- **Task brief**: Take the entries that follow and return only the lines from the one with "Mercedes 1406904925 Interior" through the final line, leaving every picture behind.

--- START ---

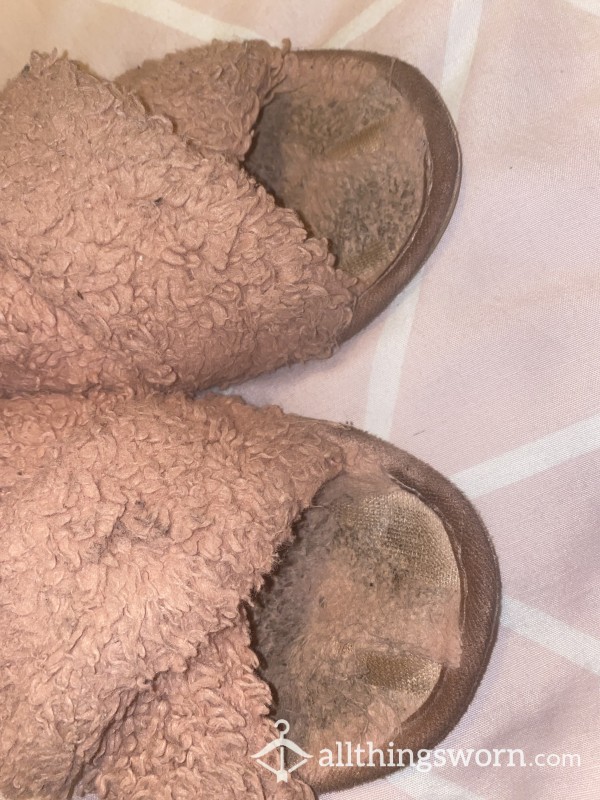 Dirty Old Slippers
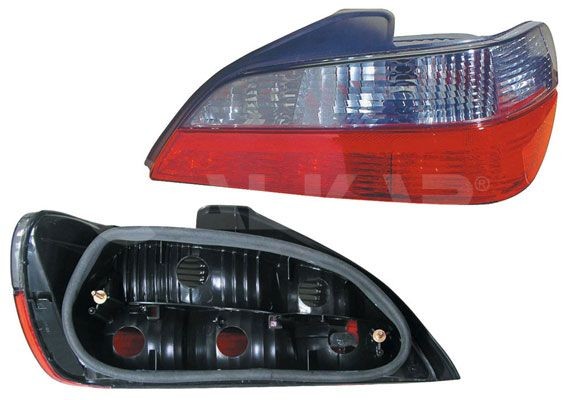 Achterlicht ALKAR 2202299 ALKAR 2202299: Achterlicht Peugeot 406 2004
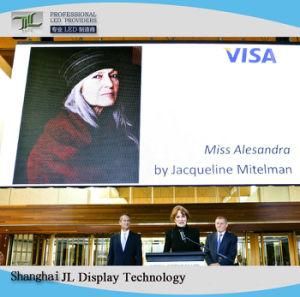 Outdoor High Definition P4 Full Color LED Display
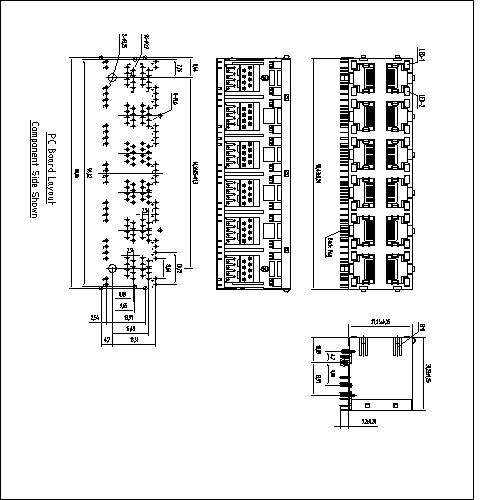 ATRJ5922-8P8C-X-C-K-B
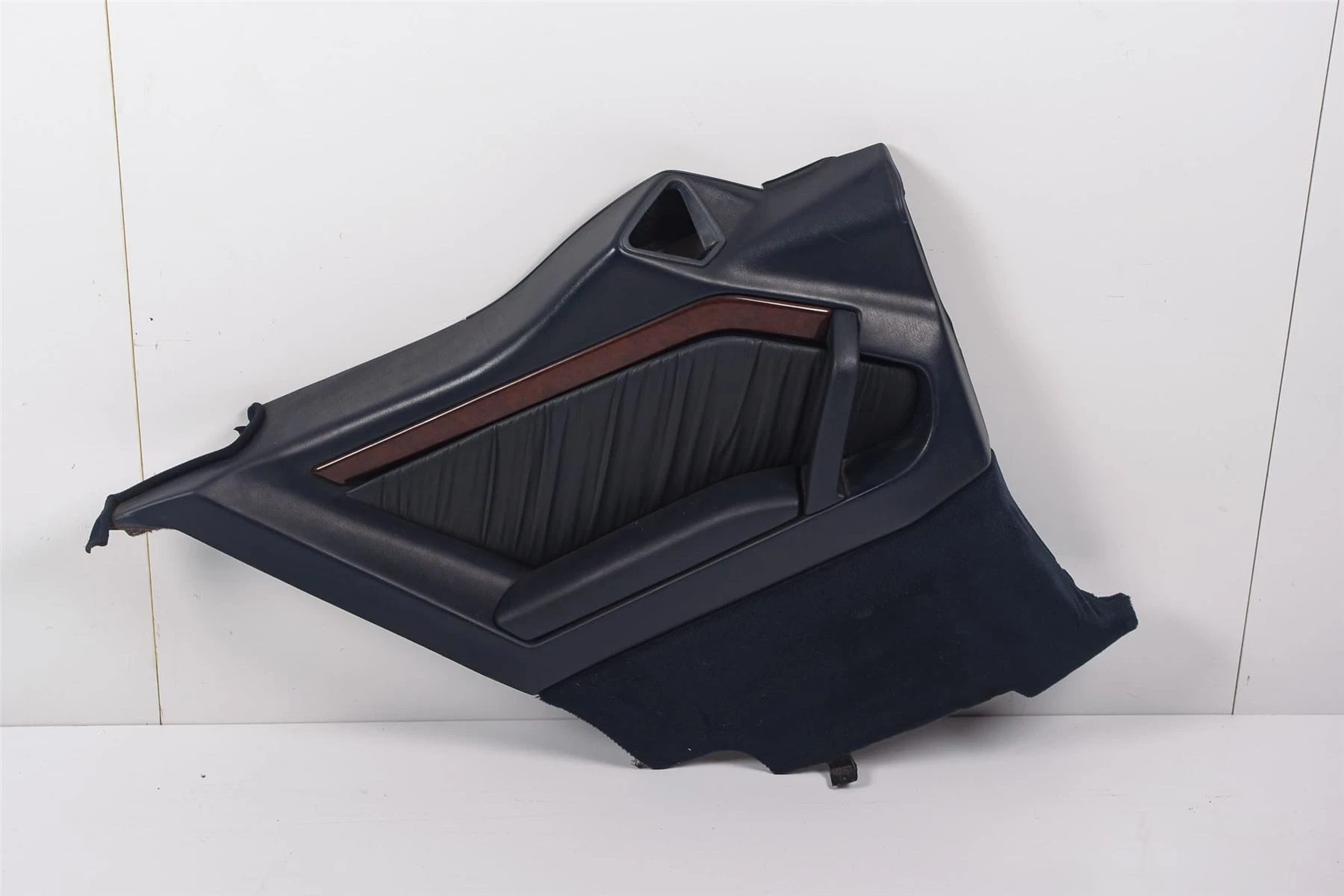 Mercedes 1406904925 Interior Trim Panel - Rear Left Blue | C140 S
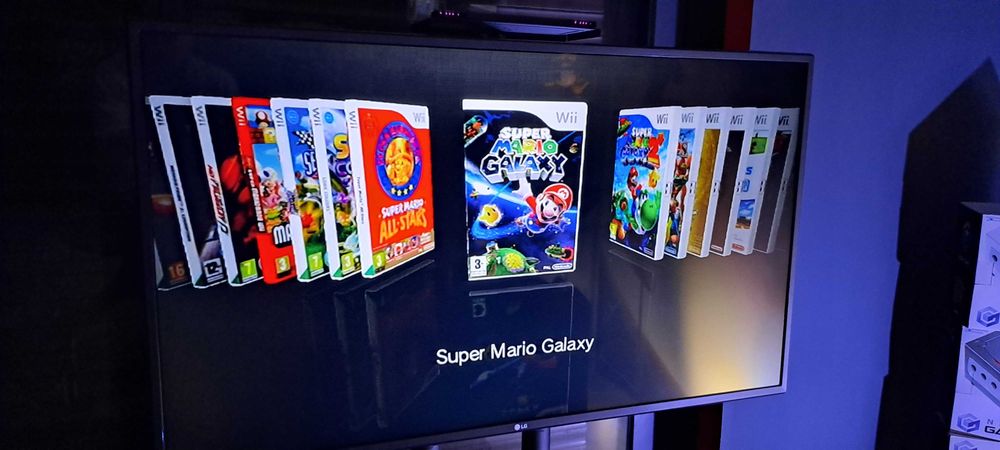 ULTIMA UNIDADE - Wii All-in-1 Retrobrew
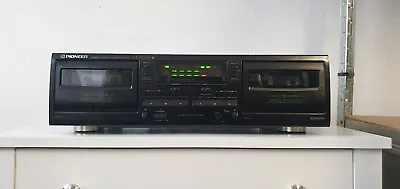 Kaufen Pioneer Ct-w205r Stereo  Double Cassette Deck • 184.63€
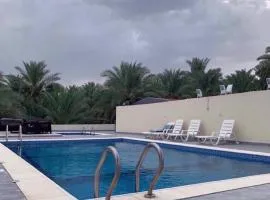 استراحة جوهرة النخيل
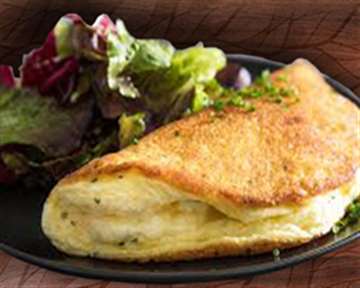 MyDelicious Recipes-CheeseOmelette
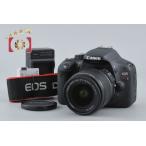 【中古】Canon キヤノン EOS Kiss X4 EF-S 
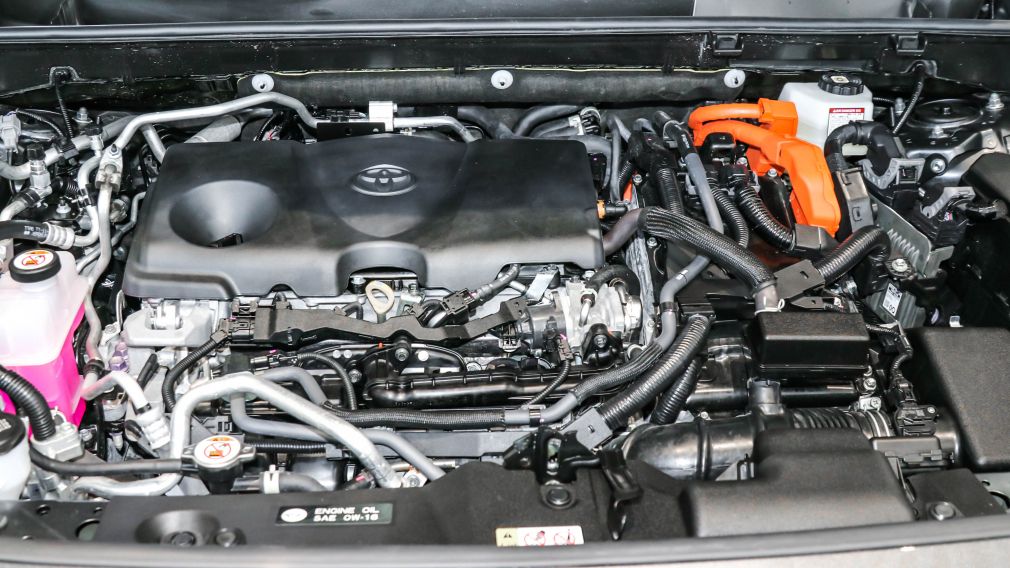 2023 Toyota RAV4 Prime XSE Hybrid AWD - CUIR - TOIT OUVRANT - VOLANT CHAU #36
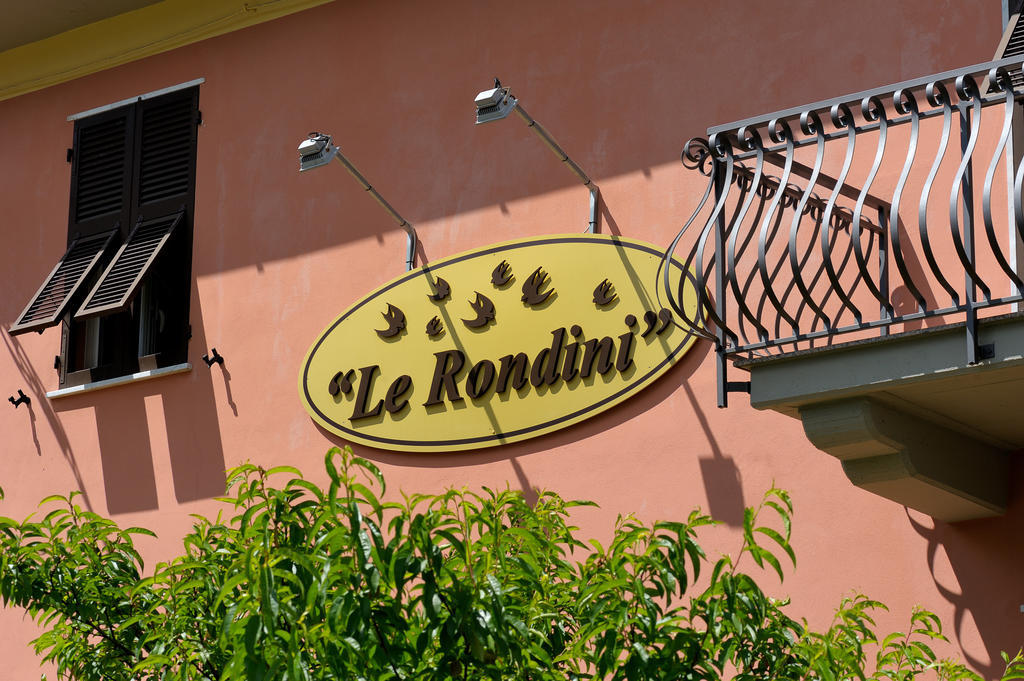 Le Rondini 호텔 리코 델 골포 디 스페지아 외부 사진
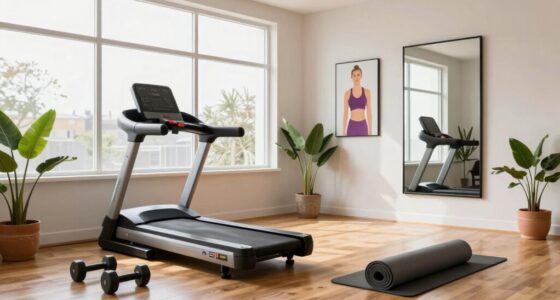 effective home workout environment
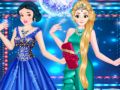 Permainan Putri: Dress Up untuk Pesta Kerajaan secara online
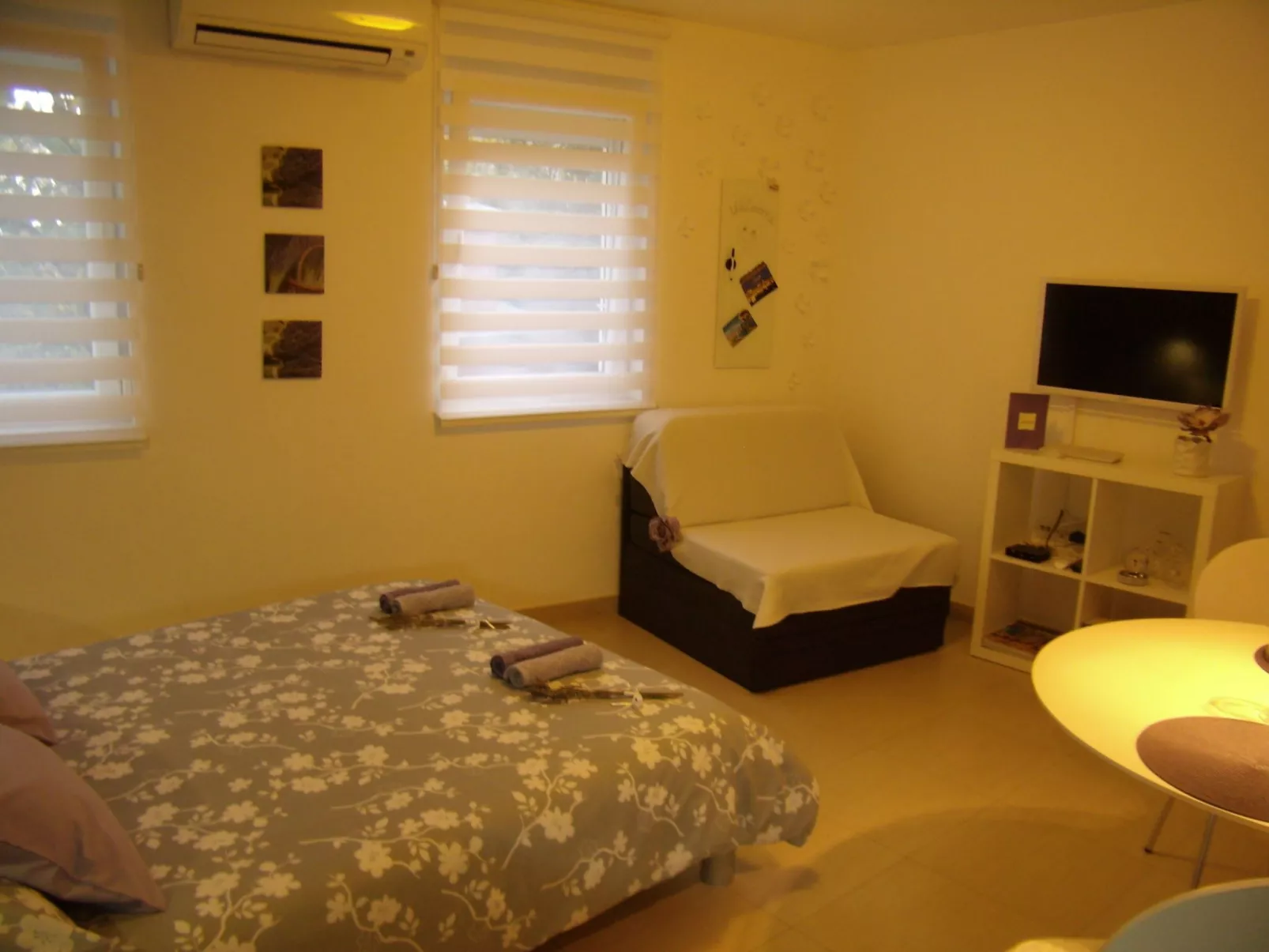 "Lavanda" mit Terrasse-Binnen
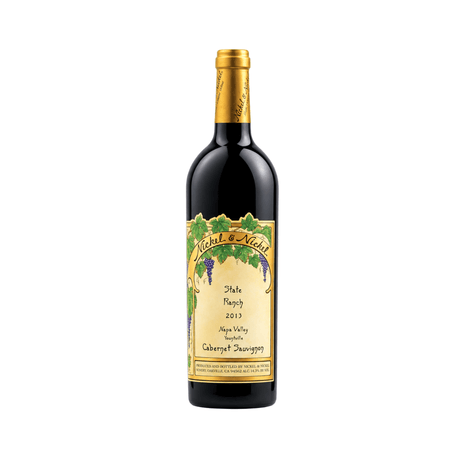 Nickel & Nickel Cabernet Sauvignon, 750ml - Total Booze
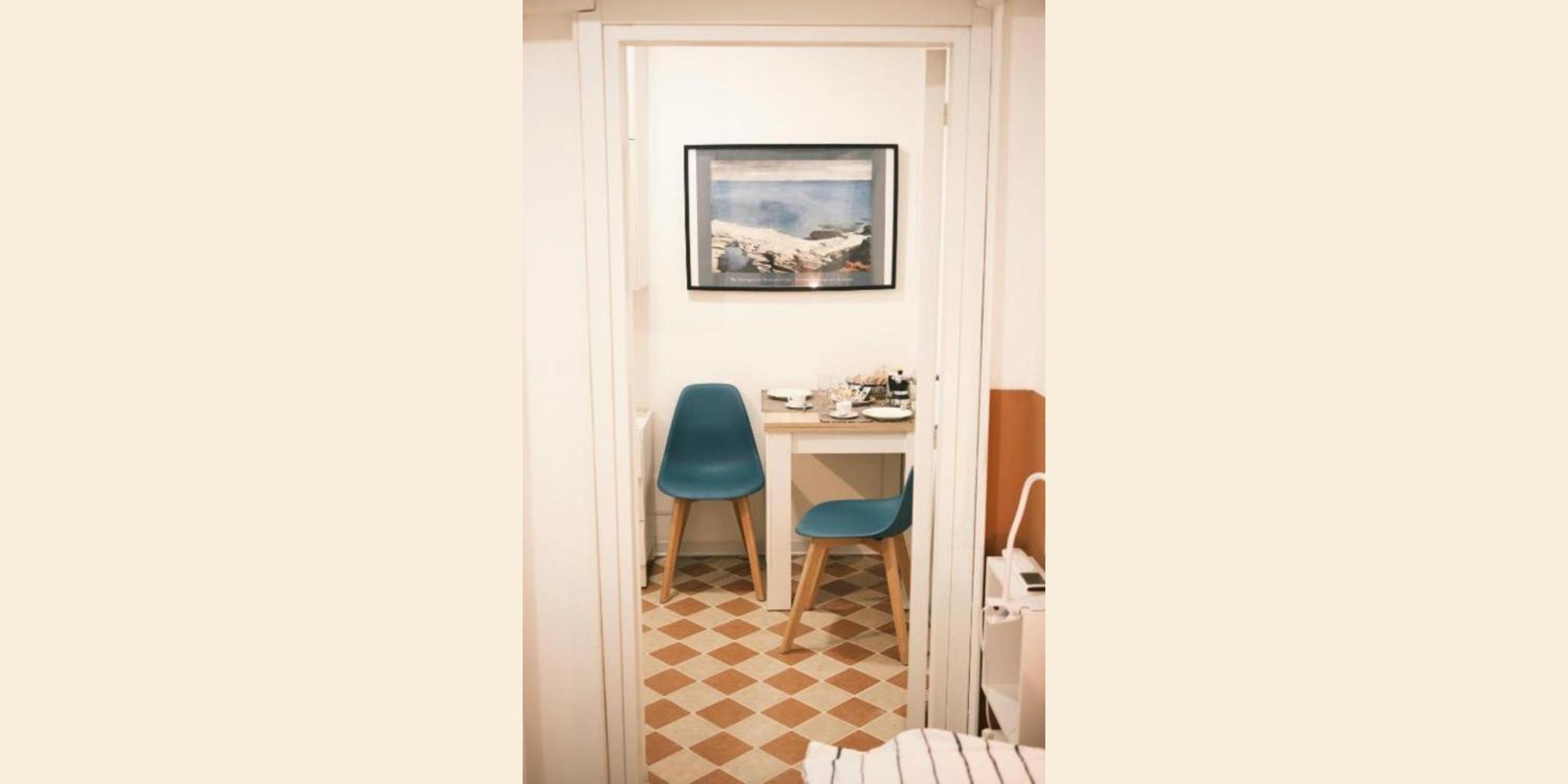 Nespolino, Piccola Casetta In Centro Storico Al Piano Terra Con Piccolo Spazio Esterno Privato Νάπολη Εξωτερικό φωτογραφία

--- END ---

- **Result of this exercise**:
 Mercedes 1406904925 Interior Trim Panel - Rear Left Blue | C140 S
 ULTIMA UNIDADE - Wii All-in-1 Retrobrew
 Kaufen Pioneer Ct-w205r Stereo  Double Cassette Deck • 184.63€
 استراحة جوهرة النخيل
 MyDelicious Recipes-CheeseOmelette
 【中古】Canon キヤノン EOS Kiss X4 EF-S 
 2023 Toyota RAV4 Prime XSE Hybrid AWD - CUIR - TOIT OUVRANT - VOLANT CHAU #36
 Le Rondini 호텔 리코 델 골포 디 스페지아 외부 사진
 effective home workout environment
 Permainan Putri: Dress Up untuk Pesta Kerajaan secara online
 "Lavanda" mit Terrasse-Binnen
 Nickel & Nickel Cabernet Sauvignon, 750ml - Total Booze
 Nespolino, Piccola Casetta In Centro Storico Al Piano Terra Con Piccolo Spazio Esterno Privato Νάπολη Εξωτερικό φωτογραφία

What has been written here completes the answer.